Writing Conversation and Speech in Novels
This is another one of the ‘lessons’ I prepared for my Writers’ Group. One of our members was struggling to write natural, flowing conversation in her novel, so was doing the unwise thing, and avoiding it altogether. Ooops.
Conversation is important in any novel or short story, because in real life we speak; but in a story we have to write speech as if spoken naturally. That is the craft of novel writing, the illusion of reality.
When we hold a normal conversation with our friends and family we say whatever we like, we interrupt, and generally talk a load of old rubbish. Sometimes we have important things to communicate to friends and family, but unless we have some kind of crisis that’s probably as rare as hen’s teeth. “I’ll be there in five minutes.” “What time shall we meet?” “Is supper ready?”
When we speak to people we’re purchasing something from we ask questions.
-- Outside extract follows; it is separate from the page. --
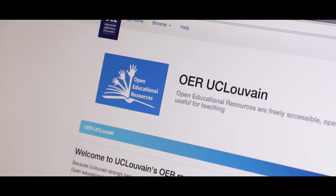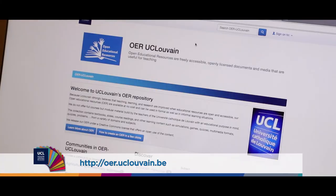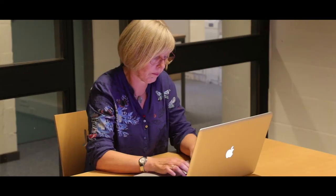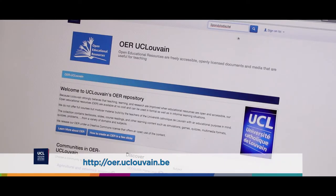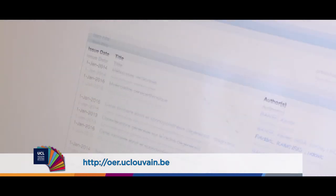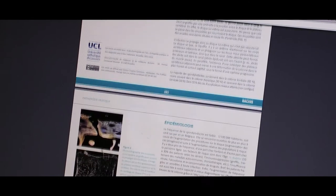For students, go to the site oer.uclouvain.be. Log in, then click the button 'Start a new submission' and fill in the form. To find open educational resources, you can also visit the platform oer.uclouvain.be. Type your keywords in the 'Search' tab and discover the many related resources.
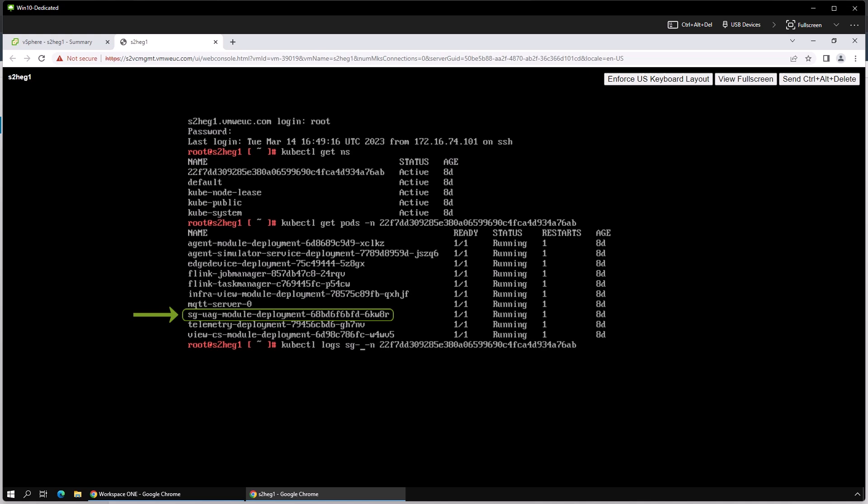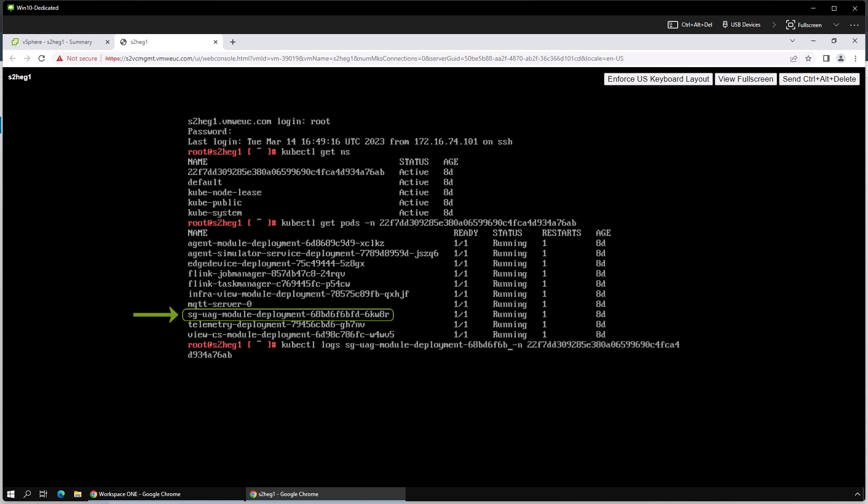To pull the logs from an individual container, you again use kubectl. To save some time typing, I just hit the back button and brought up the last command just to modify it.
With people we’re in contention with we tend to repeat our point of argument over and over again. With other people we pass the day and recount stories of this and that, how good the supper was last night and what a fab film we saw.
Yes, this is conversation. Yawn.
When writing fiction the conversation has to be part of the story, its job is to move the story forwards and direct the reader to the next scene or point of interest. Speech in writing offers information. That is it’s only purpose.
When writing a story we don’t care that the film was fab unless the film is part of the storyline. We have to cut our conversations to the bone, but also make our characters speak naturally and clearly.
Conversations in your story also help portray what the character is like.
How do they speak? “I say, lovely day.” “Hello mate, bit of a roaster today.” Both of these characters are saying exactly the same thing, but in a different way. The key to good character portrayal is to find each character’s unique voice, without going down the line of, “Eeez very varm today.”
Alongside what your characters say is the actions we describe around their speech.
“I say, lovely day,” said Fred, waving.
“Hello mate, bit of a roaster today,” said Jim, climbing into the cab of Bert’s lorry.
We can, of course, add adverbs to flesh out emphasis of how the sentence is being spoken, but nine times of out ten we don’t need these, and they should be used sparingly. Do these adverbs add anything?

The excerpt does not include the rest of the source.